Em detalhes, quase 2 bilhões de dólares serão liberados no âmbito do programa de empréstimo de 46 meses firmado com o Cairo, após a validação da quinta e sexta revisões. A isso somam-se 273 milhões de dólares no âmbito da Facilidade para a Resiliência e a Sustentabilidade (RSF). No total, cerca de 5,2 bilhões de dólares já foram desembolsados no âmbito dos dois dispositivos.
Um programa expandido em meio a uma tempestade econômica
O Egito assinou em dezembro de 2022 um acordo inicial de 3 bilhões de dólares com o FMI. Diante do agravamento dos desequilíbrios – inflação galopante, escassez de divisas, pressão sobre a libra egípcia – o programa foi expandido para 8 bilhões de dólares em março de 2024. A previsão é que o programa termine em dezembro.

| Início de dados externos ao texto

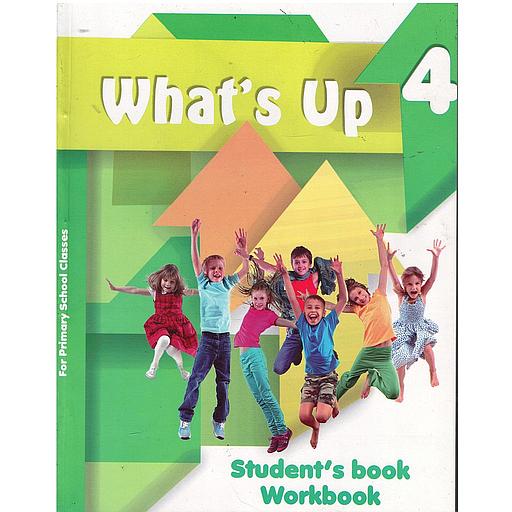 What's up 4 Primary Student's book + Workbook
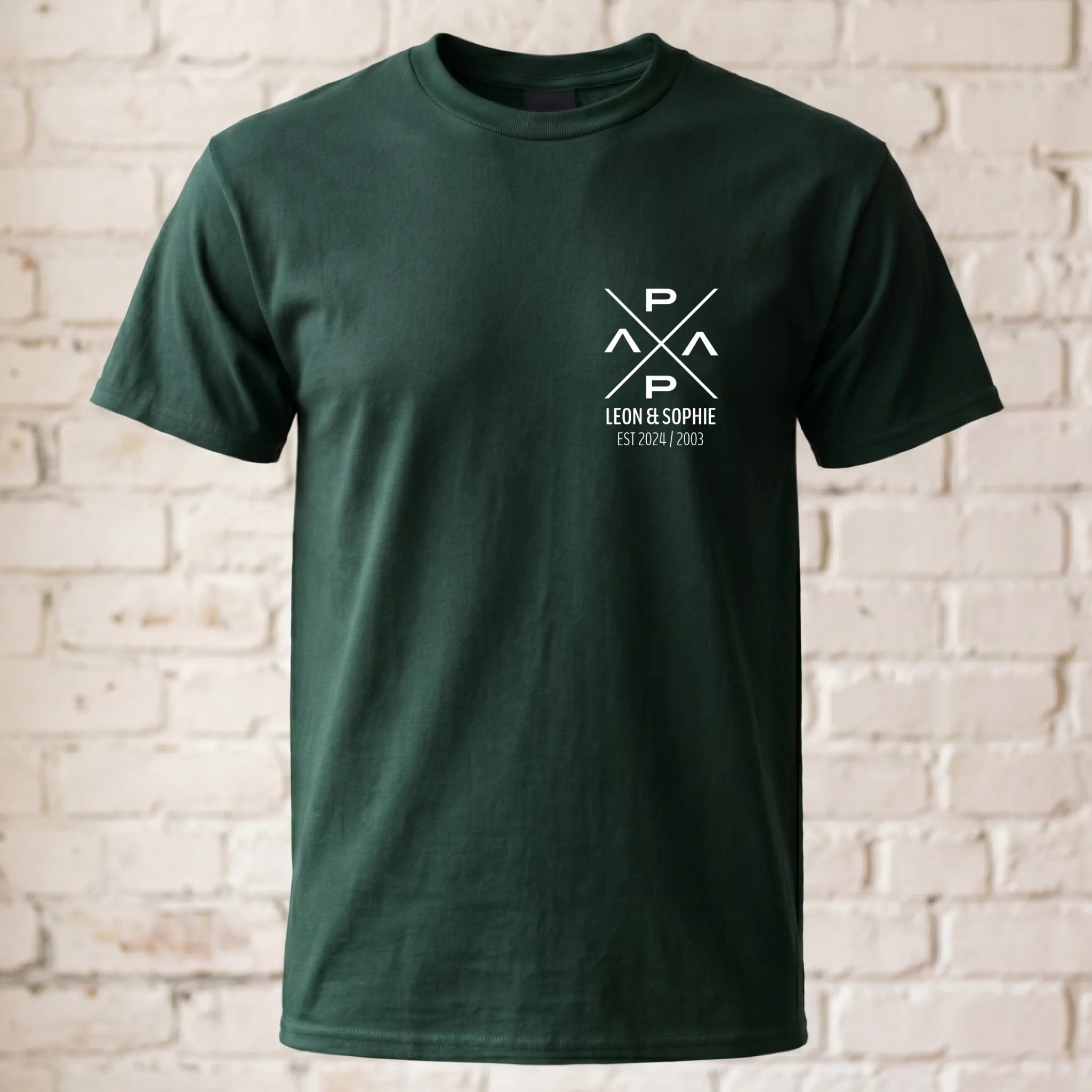 T-Shirt Ghostet forest green 2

Nos últimos meses, os indicadores macroeconômicos mostraram sinais de melhora. A inflação, que havia atingido um pico de 38% em setembro de 2023, caiu para 11,9% em janeiro, em termos anuais, para os preços urbanos. As tensões no mercado cambial também diminuíram.
Segundo o FMI, essa estabilização é atribuída a políticas monetárias e fiscais restritivas, combinadas com uma maior flexibilidade da taxa de câmbio. O país também se beneficiou de receitas turísticas recordes, transferências de trabalhadores expatriados e importantes acordos de investimentos firmados com países do Golfo, como os Emirados Árabes Unidos.
Reformas estruturais consideradas incompletas
Apesar dos avanços, o FMI permanece cauteloso. Em seu comunicado, a instituição ressalta que a implementação das reformas estruturais continua "desigual", especialmente no que diz respeito à redução do papel do Estado na economia.
A venda de ativos públicos, um pilar central do acordo com o FMI, tem avançado mais lentamente do que o previsto. O FMI também aponta para o alto nível da dívida pública e as grandes necessidades de financiamento, que continuam a pressionar as margens orçamentárias e as perspectivas de crescimento de médio prazo.
Em agosto, as autoridades egípcias adotaram emendas legislativas destinadas a acelerar as privatizações e atrair mais investimentos privados. Resta saber se essas medidas conseguirão consolidar a estabilização em andamento, enquanto a economia egípcia permanece vulnerável a choques externos e tensões regionais.